Pilkada Muna ; Skenario Tiga Pasang dan Peluang Head to Head Rusman Vs Rajiun

pilkada muna 2020
Ilustrasi

ZONASULTRA.COM, RAHA – Pesta demokrasi Pemilihan Kepala Daerah (Pilkada) Kabupaten Muna, Sulawesi Tenggara (Sultra) bergulir. Tiga kandidat yang siap bakal melawan petahana sudah mulai menarik simpati publik.

Rajiun Tumada berpasangan dengan La Pili sudah resmi mengantongi 10 Kursi yakni Gerindra 3 Kursi, Demokrat 4 kursi, NasDem 2 kursi dan PPP 1 Kursi. Sementara
Syarifuddin Udu yang berpasangan dengan Hasid Pedansa baru mengantongi partai Hanura 5 kursi, namun Dirjen Keuangan Daerah Kementerian Dalam Negeri (Kemendagri) ini pun dikabarkan sudah siap memboyong partai PAN.

Di lain sisi, mantan Bupati Muna, dr Baharuddin harus terseok-seok mencari koalisi partai. Meski sebelumnya, PAN sudah memberikan surat tugas kepada mantan Bupati yang akrab disapa Dokter itu, namun ia harus memboyong koalisi untuk mengantongi rekomendasi.

Sang petahana sendiri, LM Rusman Emba berpasangan Bahrun Labuta sudah mengamankan empat partai yakni PDIP 4 kursi, Golkar 4 kursi, PKB 4 kursi dan PKS 2 kursi total 14 kursi.

Pengamat politik Sultra, Najib Husein merunut perhelatan Pilkada Muna akan tersaji seru. Ada beberapa kemungkinan yang bakal terjadi. Ia memprediksi kandidat yang bakal bertarung maksimal tiga pasang.

“Rusman dan Rajiun sudah mengantongi kendaraan politik untuk maju bertarung. Sementara Syarifuddin Udu dan dr Baharuddin salah satunya diprediksi bakal tersingkir,” terang Najib Husein, saat dikonfirmasi melalui telepon selularnya, Senin (24/8/2020).

Ketua Prodi Ilmu Fisip UHO ini mengurai beberapa skenario yang bakal tersaji di Pilkada Muna pada 9 Desember 2020 mendatang.

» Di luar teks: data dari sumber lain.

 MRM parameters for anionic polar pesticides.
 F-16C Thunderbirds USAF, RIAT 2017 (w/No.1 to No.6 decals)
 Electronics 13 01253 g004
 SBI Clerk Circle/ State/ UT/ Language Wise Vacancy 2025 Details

Pilkada Muna Dipetakan Tiga Skenario

Skenario pertama Syarifuddin Udu-Hasid Pedansa akan menempati posisi ketiga yang bakal lolos mendapatkan tiket pertarungan.

“Syarifuddin Udu ini hanya membutuhkan satu kursi untuk lolos. Ia kini sudah mendapat restu dari partai pemenang di Muna yakni Hanura sebanyak lima kursi,” tutur Najib.

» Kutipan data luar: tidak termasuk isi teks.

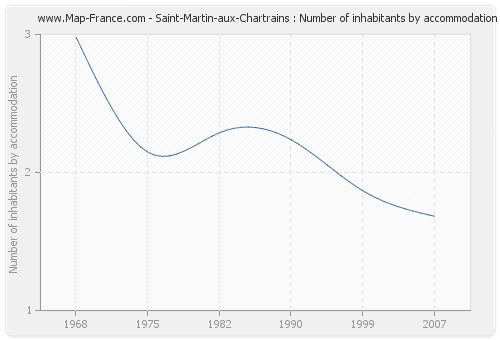 Saint-Martin-aux-Chartrains : Number of inhabitants by accommodation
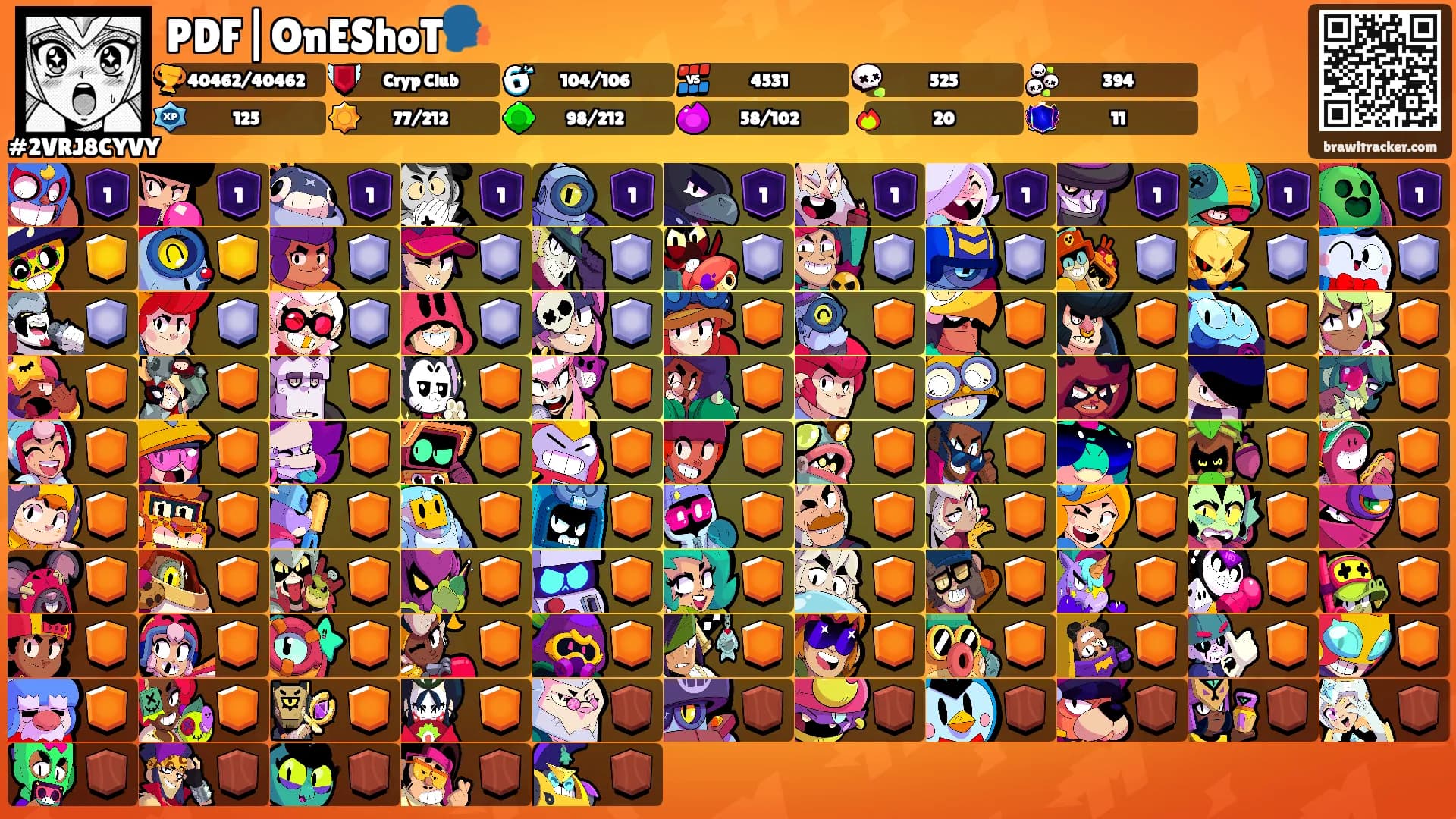 PDF|OnEShoT🗣️'s Ranks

Skenario kedua, bisa jadi Hanura dan PAN membangun koalisi. Jika ini terjadi, berarti Syarifuddin Udu akan berpasangan dengan dr Baharuddin. Namun peluang ini akan ada hambatan yang dihadapi.

“Masalahnya, mau tidak dr Baharuddin jadi 02 untuk SU. Karena ini persoalan posisi yang tidak menguntungkan untuk dr Baharuddin,” jelasnya.

Namun peluang ini akan beresiko bagi SU karena jalinan komunikasi dengan Hasid Pedansa bisa rusak dan bakal mempengaruhi basis suara dari akar rumput. Kalau melihat modal partai, SU lebih berpeluang dibanding dr Baharuddin. Selain itu kinerja di lapangan SU dinilai lebih berani untuk bergerak memboyong pintu partai dibanding Dokter.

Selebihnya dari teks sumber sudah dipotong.